LazzaCinema: La Casa di Jack, di Lars von Trier

Ognuno cerca di imprimere una forma alla realtà, alla prospettiva  del “nostro” mondo, persino nella maniera con cui osserviamo noi stessi.
Ed è questo che fa Lars Von Trier in The House That Jack Built, prova a dare una struttura alla propria visione dell’esistenza e dell’essere umano; o forse non è così, già perché l’ultimo film di questo regista libero e dirompente, amato e detestato in egual misura, affronta la vita, la morale, la morte, l’arte, la natura, la ricerca del senso senza dare riferimenti allo spettatore nonostante siamo di fronte ad un’opera lineare e a tratti didascalica nella messa in scena.
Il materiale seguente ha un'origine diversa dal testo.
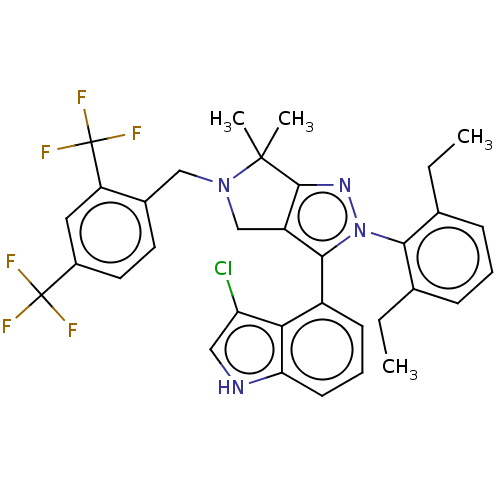 Chemical structure of BindingDB Monomer ID 445629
Il racconto di Jack, serial killer affetto da disturbo ossessivo-compulsivo, è in realtà un viaggio verso l’ignoto in un dialogo con un’entità che non ci vorrà molto a scoprire essere una personale interpretazione del Virgilio dantesco, una figura che non giudica, non compatisce né esalta le azioni dell’ingegnere Jack.
Per come inizia, La Casa di Jack parrebbe che voglia prendersi gioco di tutti, non tanto compiacere come desidera il suo protagonista, quanto irritare per le modalità parodistiche con le quali viene raffigurato il primo dei 5 incidenti di Jack (come ama definire gli omicidi che ha scelto di raccontare a Virgilio), condite da una regia che si avvale di uno stile da mockumentary per evidenziare l’atto criminoso e i tratti peculiari dell’ingegnere-artista.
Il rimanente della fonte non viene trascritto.